CNN-based dehazing methods have achieved remarkable results in recent years, but they still suffer from some limitations. GAN-based dehazing frameworks have emerged as a promising solution for restoring clear images from hazy ones. Unlike CNN-based methods, which have some drawbacks such as needing paired data, being prone to noise and artifacts, and lacking perceptual quality, GAN-based methods can leverage unpaired data, preserve the original details and colors, and enhance the visual appeal of the results. They can produce more realistic and natural dehazed images that are closer to human perception.

2.2 GAN-based dehazing

Generative Adversarial Networks (GANs) are a deep learning and unsupervised machine learning technique first introduced by [16]. It is made up of a generator and a discriminator that compete against each other in a zero-sum game. Both blocks, which are based on deep neural network architecture, are designed to simplify the generative and adversarial processes and can be trained using forward and backward propagation. GANs have made significant strides since they were first introduced. Numerous noteworthy advancements have been made to enhance system performance and the learning process, which include Deep Convolutional GAN (DCGAN) [17], Wasserstein GAN (WGAN) [18], Conditional GAN (cGAN) [19], and Cycle-GAN [20]. Many GANs have recently been demonstrated to be quite successful at image dehazing. One such network is the All-in-One Dehazing Network, or AOD-Net (All-in-One Dehazing Network) [12], a lightweight CNN architecture based on a revised atmospheric scattering model. De-Haze and Smoke GAN (DHSGAN) [21] is another dehazing network that does not require any post-processing or atmospheric model inversion. Yang et al. [22] used a cycle-consistency loss to demonstrate a disentangled dehazing network (DDN). It uses only one generator to remove haze; however, this model replaces the other generator with the atmospheric scattering model to generate hazy images. The cycle-consistency loss is then computed using both the input and reconstructed hazy images.

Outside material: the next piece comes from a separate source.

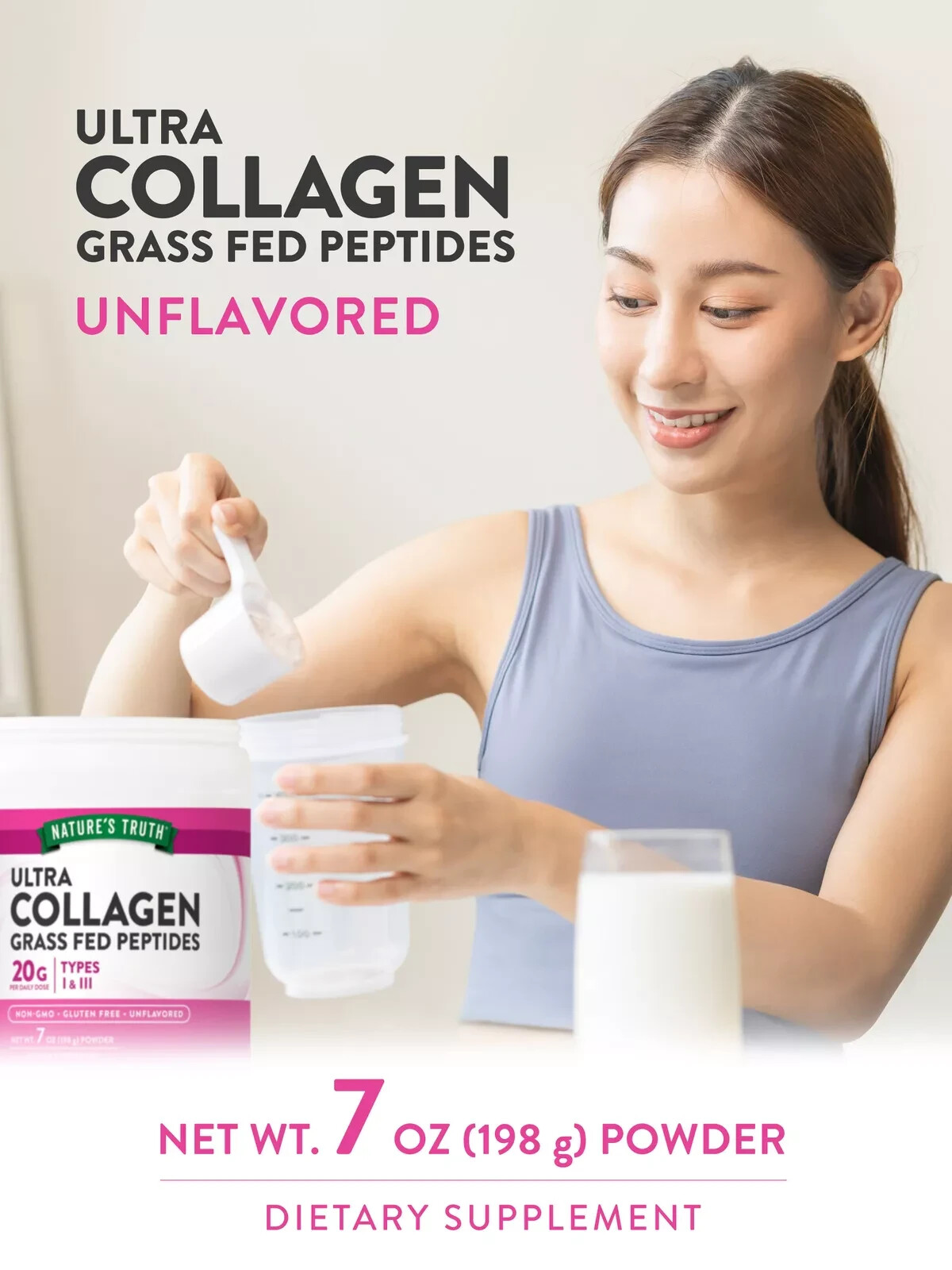 2 Pack Collagen Peptides Powder Unflavored 14oz (2×7) Non-GMO Keto Friendly 2028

Engin et al. [23] proposed Cycle-Dehaze, a method that enhances the visual quality of dehazed images by combining perceptual loss and cycle-consistency loss. They designed a network that does not rely on the Koschmieder model, unlike DDN. Wei et al. [24] presented a Cycle-GAN-based end-to-end learning system for dehazing. On the other hand, Li et al. [25] developed an encoder–decoder architecture based on a cGAN (conditional generative adversarial network) to learn dehazed scenes. They used unpaired training images that are both haze-free and hazy and removed the haze using an adversarial discriminator that enforces cycle consistency. FD-GAN [26] employs GANs with a fusion discriminator for single image dehazing. HIDeGAN [27] introduced an image dehazing architecture that takes a blurry RGB image as input and converts it to a hyperspectral image (HSI). Because of its enormous ability to generate realistic images, GAN has been employed in a variety of vision-based applications such as image denoising [28], de-raining [29, 30], and super-resolution [31,32,33]. Because these approaches do not use physical scattering models, they do not provide dehazed images with adequate contrast and color. In this paper, we propose a unique GAN-based image dehazing network called DC-GAN with feature attention that can dehaze both real and synthetic images.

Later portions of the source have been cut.